The Email Marketing Guide for Small Businesses
Email marketing is a cost-effective way for small and medium-sized businesses (SME’s) to find new business and build relationships with existing customers.
This guide will show you how to build an email list, how to get up and running with your small business email marketing software, how to design emails for optimum engagement and the metrics you should be looking at to improve ROI.
Building a list
Almost half of small businesses are using email marketing and many more are planning to get started soon. Don’t procrastinate! The sooner you start building a list, the quicker you can start to grow your profits.
Your first step will be to create an opt-in or subscription form and there are four main types; pop-up, embedded, fixed and floating.
Each form should consist of a title, an image, all the fields to be completed by the visitor and a sign-up button. Additional elements might include a short description, checkbox(es), radio buttons and a final call-to-action next to your sign-up/submit button.
Choose fields that are relevant to your small business and request details about your subscribers that will be most useful to you.
Collecting the data
There is no need to restrict yourself to one subscription form on your website.
You might design one form as part of your basic homepage as well as adding a popup form that appears when your visitor has spent a few minutes on the site. This type of “in-your-face” form converts very effectively, and you can use A/B testing to see which design and which timing converts best.
It’s best to keep forms as precise and simple as possible or your visitor may give up and click away for a number of reasons, perhaps a lack of time or not wanting to divulge their phone number, for example. A limited number of self-explanatory fields is more likely to get you subscribers. The example above from the Life is Good website asks only for an email address while offering a discount and free shipping.
Make the form aesthetically pleasing and in keeping with your organization or brand and be sure to clarify what people can expect when they sign up.
What is double-opt in?
Since internet users first became aware of spam and junk emails, double opt-ins have become more popular. Double opt-in means that after entering their information in your sign-up form, a customer may be required to go back to their email inbox and click a link that you sent them, like the one below.
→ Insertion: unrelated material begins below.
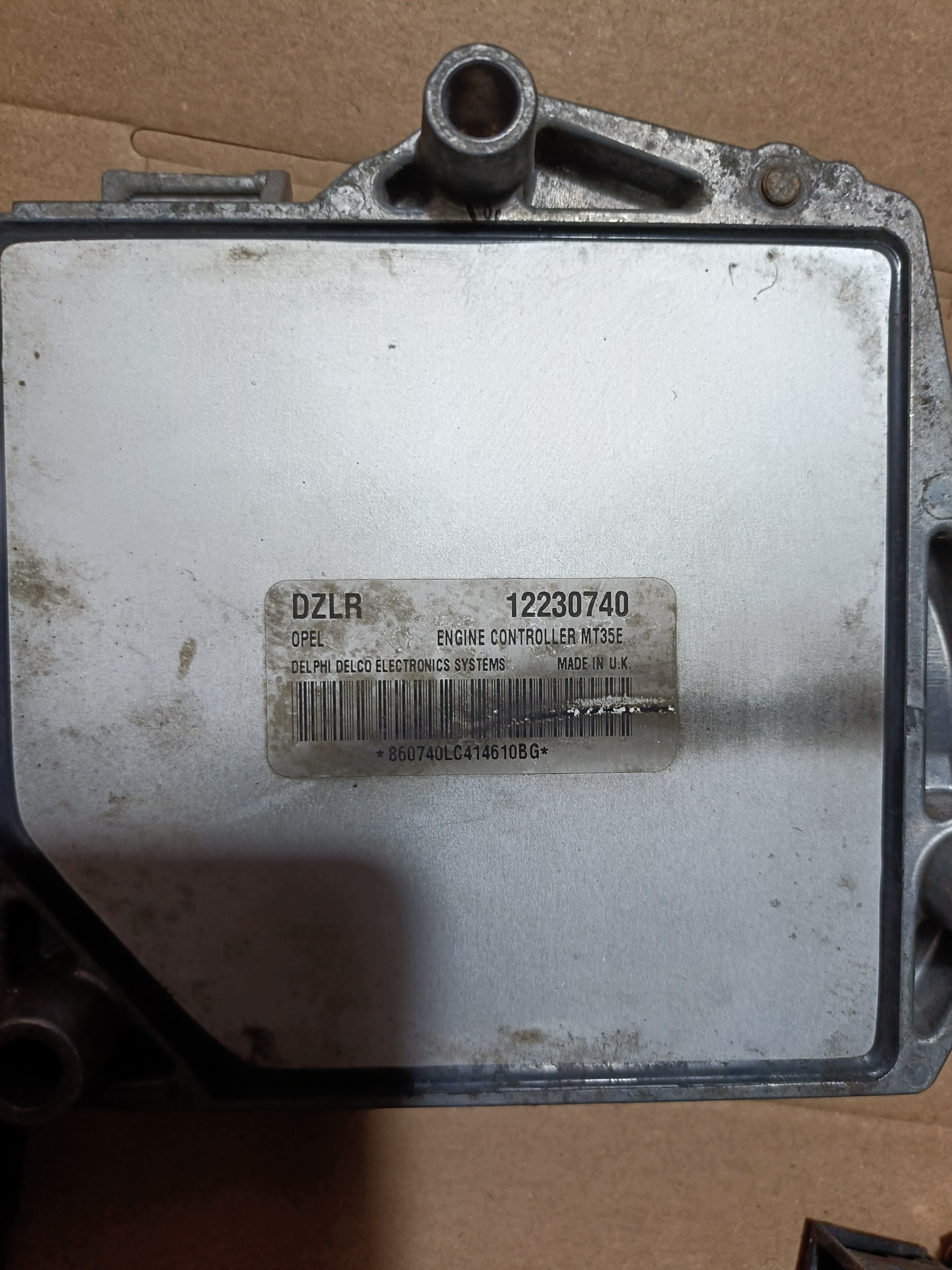 unité de commande électronique uce moteur Opel Astra H Zafira 12230740 DZLR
Single opt-in might grow your list quicker, but deliverability will be lower because invalid or inactive email addresses can find their way on to your list. With double opt-in you will end up with a higher quality email list full of subscribers that really want to receive your messages.
Almost every email you send will follow a similar layout. Of course, there will be a sender, which might be you and/or your company or brand name. Secondly, a subject line, which should give the reader a short summary of the email in an eye-catching or urgent way (we recommend avoiding all-caps and click-bait)
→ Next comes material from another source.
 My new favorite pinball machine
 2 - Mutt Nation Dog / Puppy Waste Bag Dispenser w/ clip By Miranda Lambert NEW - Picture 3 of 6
Next the header, which could be a call-to-action, a link, a newsflash perhaps or your logo, just to mention a few ideas. The main body of your email will follow the header and might begin with an introduction or welcome, then the main message with images, links and ideally a call to action.
Last, but not least, the footer. This might include a number of things; links to social media, your contact information, legal jargon or a simple thank you and sign-off. You might also want to include an unsubscribe button.
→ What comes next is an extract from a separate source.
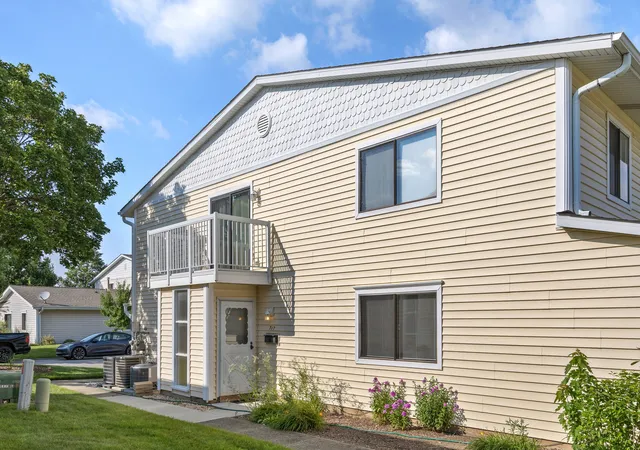 Homes for sale in Schaumburg, IL | 717 Whitesail Dr #717, Schaumburg, IL 60194 | MLS# 12693086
Adding images can enhance the look of your emails but be sure that they are in-keeping with the text of the email, not just a random picture that happens to look nice!
Measuring your results
The main intention of email marketing is to gain clicks through to your website, pages views and/or ultimately to increase sales, so you must track some key metrics to measure your success. Set yourself goals to work towards and test frequently to see which subject lines, content, images and offers give you the best results.
Emails do sometimes bounce. People will unsubscribe from your list and that’s not necessarily a negative thing. You really only want to keep interested and engaged readers anyway. However, you don’t want to lose subscribers by blasting out too many emails in a short space of time, or by sending content that does not appeal.
To avoid spam complaints, use a double opt-in form and check in with your visitors every now and again to get feedback on your content by asking them directly or perhaps with a survey.
This is possibly the most important metric you need to analyze. A good way to keep track is through Google Analytics.
By examining the statistics, you will be better able to make informed marketing decisions based on real data and adjust your email marketing strategies accordingly.
You should know where your traffic comes from, who your website visitors are, how much time they spend on your site and what they do while they are on there.
Conversion rates will directly impact your ROI, so it’s important to measure this and respond accordingly in order to spend your marketing budget in the most effective way.